It may be time to upgrade your doorbell if you haven’t done it already.
A video doorbell can give you peace of mind during this back-to-school season, confirming when kids arrive home from school and, if it’s paired with a smart lock, allowing you to open the door remotely to eliminate worries about them getting locked out.
That’s in addition to enabling you to see, hear and talk with visitors through your smartphone, without ever having to physically open the door. Video doorbells also automatically record images when they detect motion near your front door (whether the visitor rings the bell or not) and can be set to alert you that someone is there.
For a monthly subscription fee, many systems offer cloud storage of video clips, allowing neighbors to share images and comments with each other and local law enforcement. Footage and descriptions of porch pirates, car prowlers, lost pets and visiting wildlife are common types of clips shared on the network.
How many homes use video doorbells?
As of 2020 (the latest data available), about 16% of U.S. homes have a video doorbell installed by their front door.
In a 2019 survey, owners of doorbell cams said the main reasons they purchased them were to “feel more secure,” “improve peace of mind” and because they were “easy to use,” according to Strategy Analytics, a consulting group. Ring and Nest were the two most popular brands, with 65% of owners saying they were “extremely satisfied” with their video doorbell.
Since many people can install the devices themselves (no wiring required), they’re a good way to test out the Internet of Things without a lot of effort or expense.
Are video doorbells hard to maintain?
No, and that’s probably reflected in the survey’s high satisfaction rate.
That doesn’t mean a doorbell cam is foolproof. Unless it’s hardwired (and most aren’t), its battery will need periodic charging. You’ll usually get an alert on your smartphone before it dies completely. Because video doorbells are Wi-Fi dependent, they can get knocked offline and won’t function during power outages or if your smartphone’s battery is run down. If you get a new smartphone, you’ll need to repeat the setup process.
Do video doorbells deter crime and aid law enforcement?

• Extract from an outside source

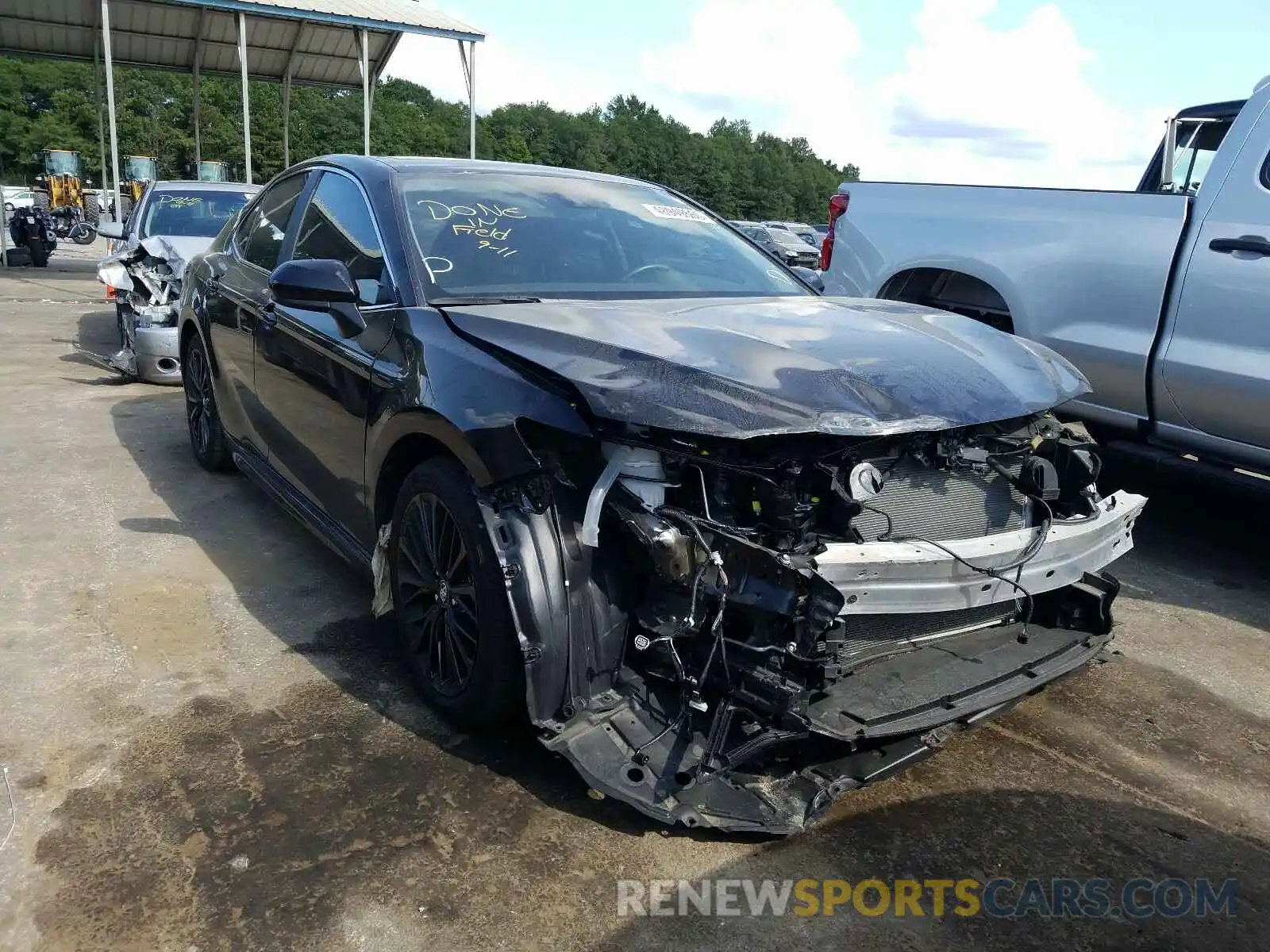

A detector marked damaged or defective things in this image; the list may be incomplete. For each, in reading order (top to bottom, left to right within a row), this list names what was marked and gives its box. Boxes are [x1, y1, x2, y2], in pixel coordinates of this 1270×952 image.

The answer isn’t as clear as a lot of doorbell cam enthusiasts would hope. While the presence of burglar alarms has been shown to deter criminals, we don’t yet have a definitive answer on video doorbells.
Studies done by device manufacturers have shown significant decreases in crime when entire neighborhoods were outfitted with video doorbells. However, those studies have come under scrutiny for data issues including small sample sizes. While some results have been promising, further study is needed.
Even when the devices capture images relating to a crime, their value may be somewhat limited in helping law enforcement apprehend criminals. Investigative resources are stretched thin for crimes like package theft in many communities.
Is it worth installing a video doorbell?
A doorbell cam could be right for you. They’re simple and cost-effective, and people seem happy with them as long as they’re realistic in their expectations about what the cameras can and can’t do.